Problem requirements –
Beginning with the line that holds "A red topless" and finishing with the line that holds "Ein Schlafzimmer mit", repeat the listing exactly, leaving every picture out.

Extracted material –
════════════════════

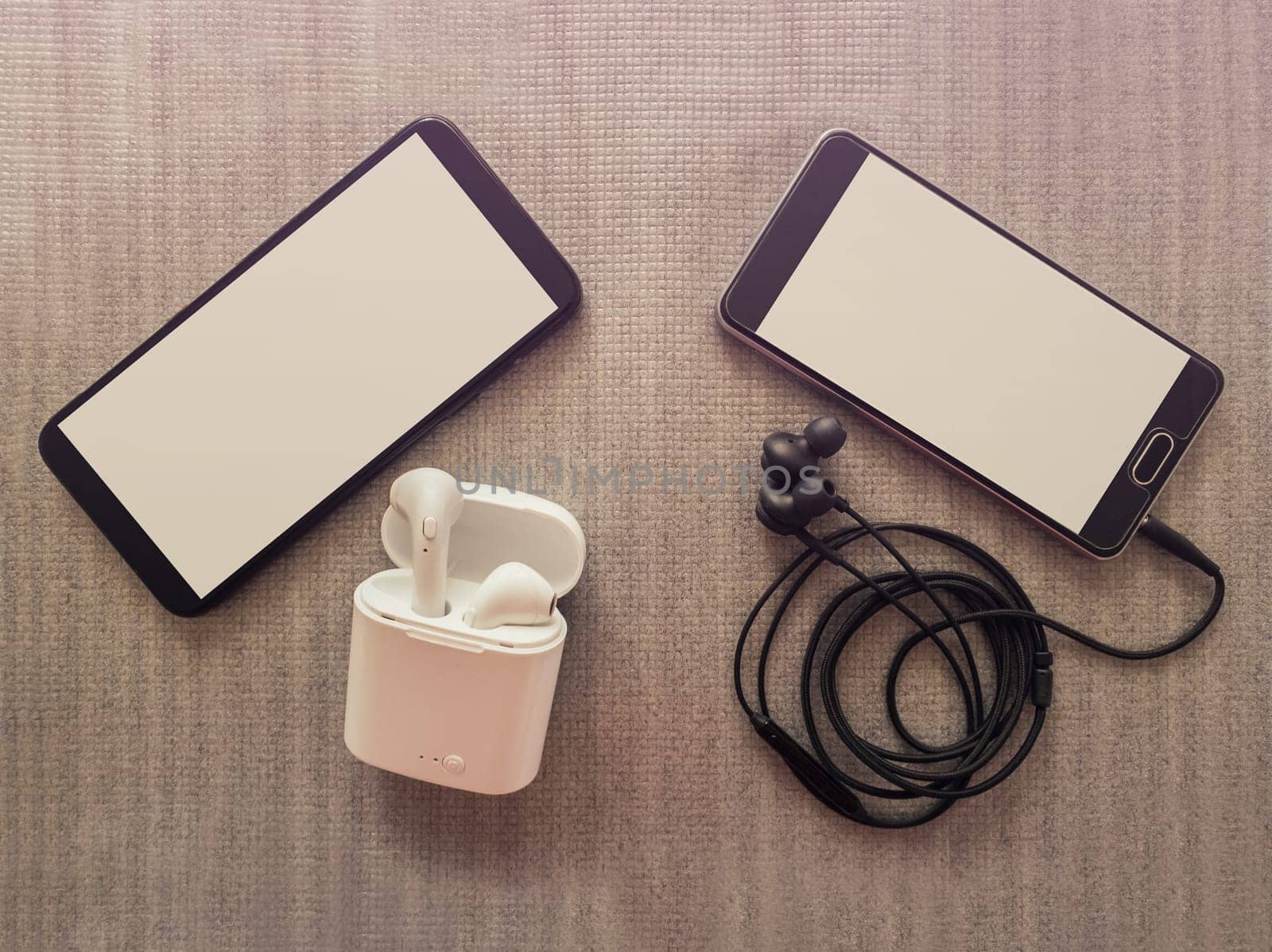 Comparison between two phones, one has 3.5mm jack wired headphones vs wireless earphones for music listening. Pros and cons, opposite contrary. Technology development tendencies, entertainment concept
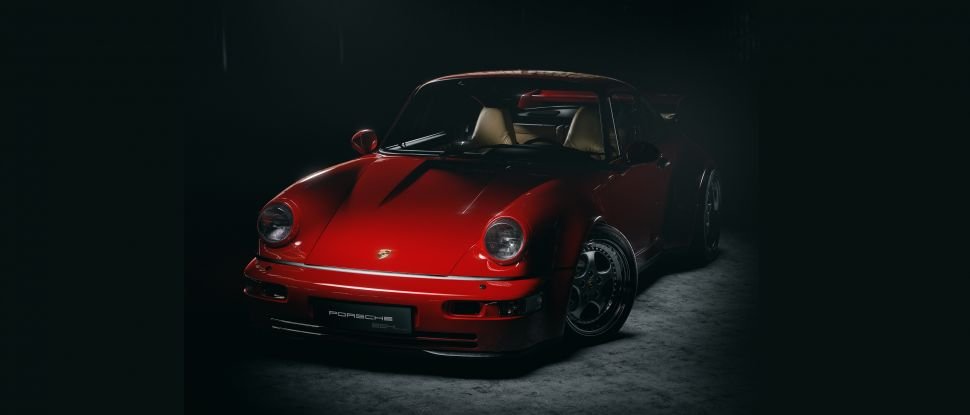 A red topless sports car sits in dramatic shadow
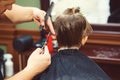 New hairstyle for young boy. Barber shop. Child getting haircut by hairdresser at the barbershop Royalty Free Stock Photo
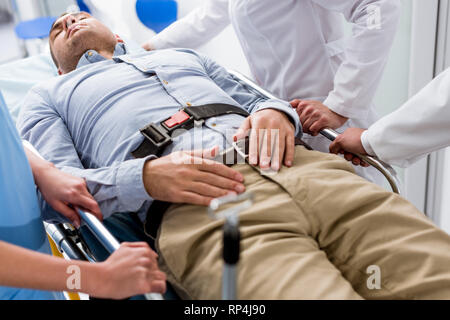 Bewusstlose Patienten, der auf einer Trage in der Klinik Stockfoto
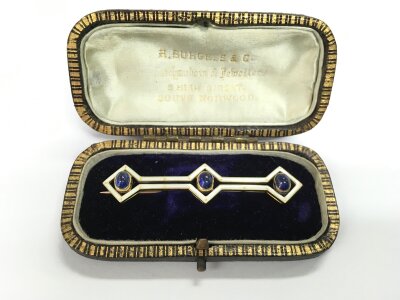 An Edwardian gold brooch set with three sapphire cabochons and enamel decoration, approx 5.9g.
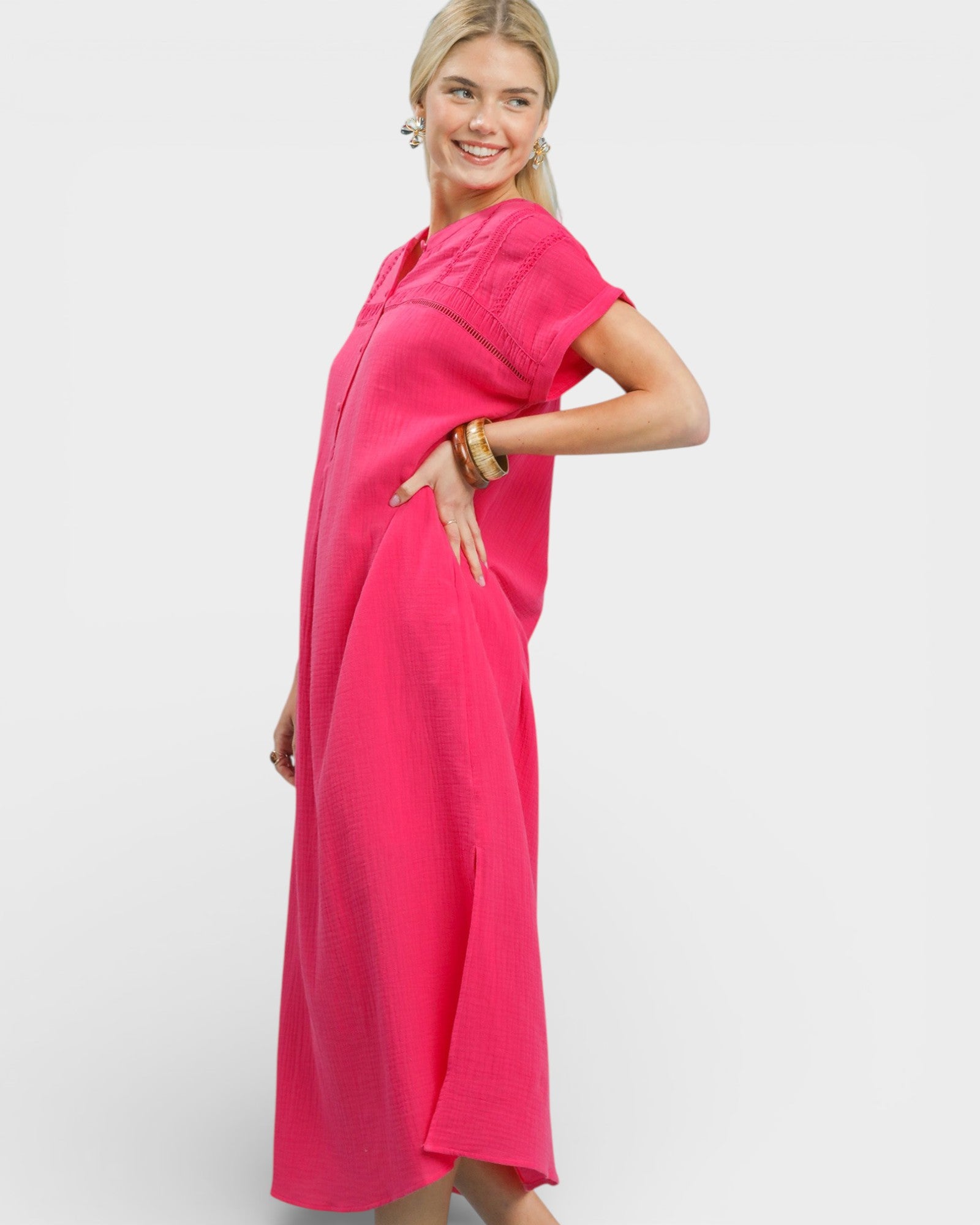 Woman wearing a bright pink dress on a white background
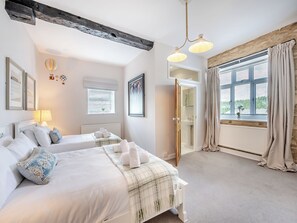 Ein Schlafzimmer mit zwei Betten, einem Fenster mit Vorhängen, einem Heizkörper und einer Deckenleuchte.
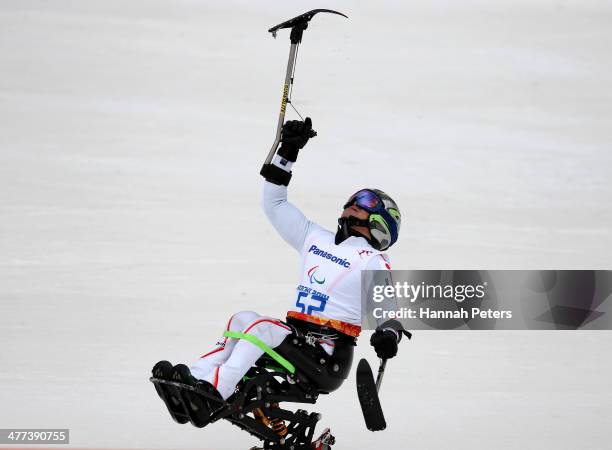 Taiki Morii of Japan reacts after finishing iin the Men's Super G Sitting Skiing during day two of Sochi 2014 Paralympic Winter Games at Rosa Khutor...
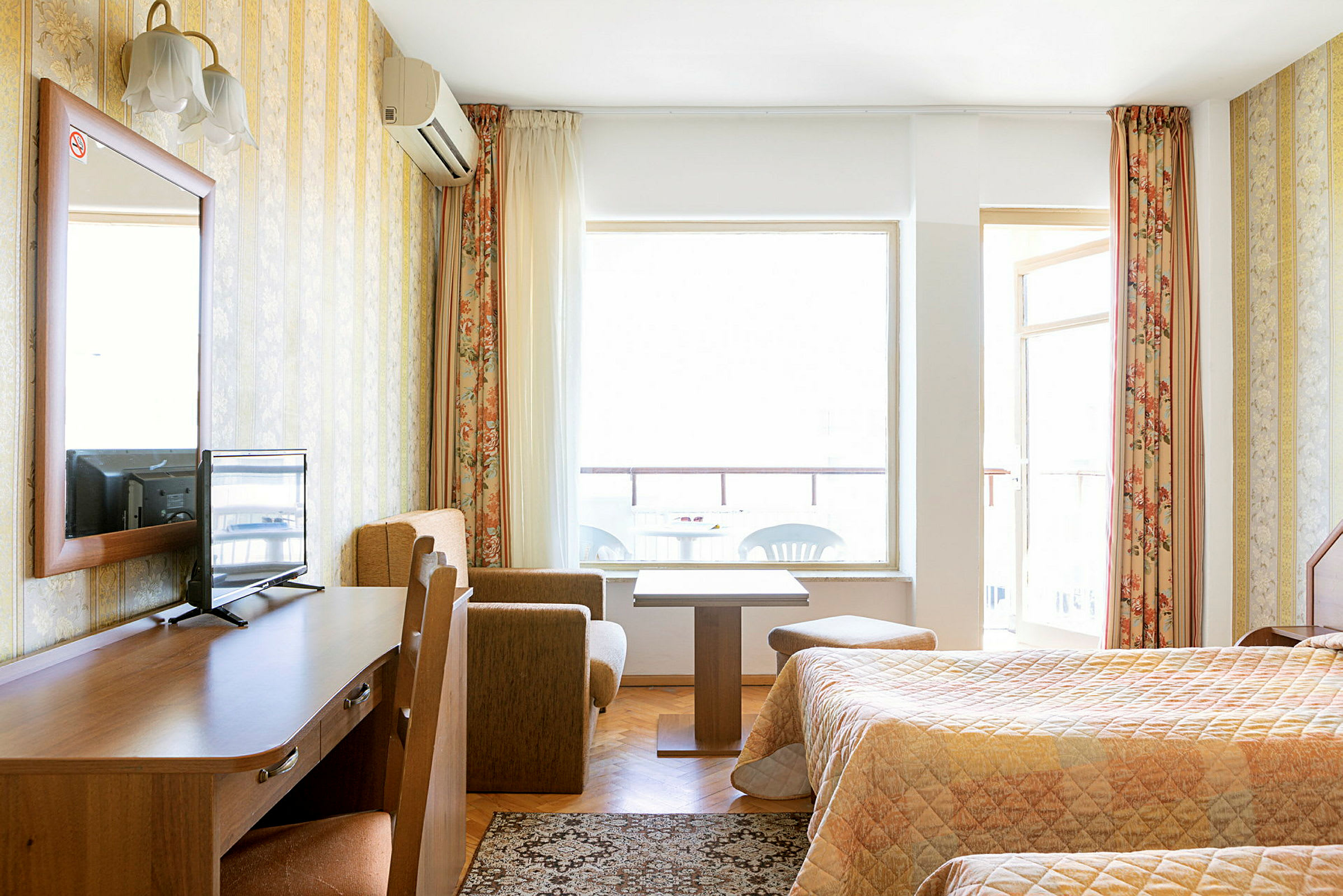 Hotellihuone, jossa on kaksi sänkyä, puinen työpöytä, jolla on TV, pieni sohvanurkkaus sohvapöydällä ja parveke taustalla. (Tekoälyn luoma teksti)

════════════════════

Response below –
 A red topless sports car sits in dramatic shadow
 New hairstyle for young boy. Barber shop. Child getting haircut by hairdresser at the barbershop Royalty Free Stock Photo
 Bewusstlose Patienten, der auf einer Trage in der Klinik Stockfoto
 An Edwardian gold brooch set with three sapphire cabochons and enamel decoration, approx 5.9g.
 Woman wearing a bright pink dress on a white background
 Ein Schlafzimmer mit zwei Betten, einem Fenster mit Vorhängen, einem Heizkörper und einer Deckenleuchte.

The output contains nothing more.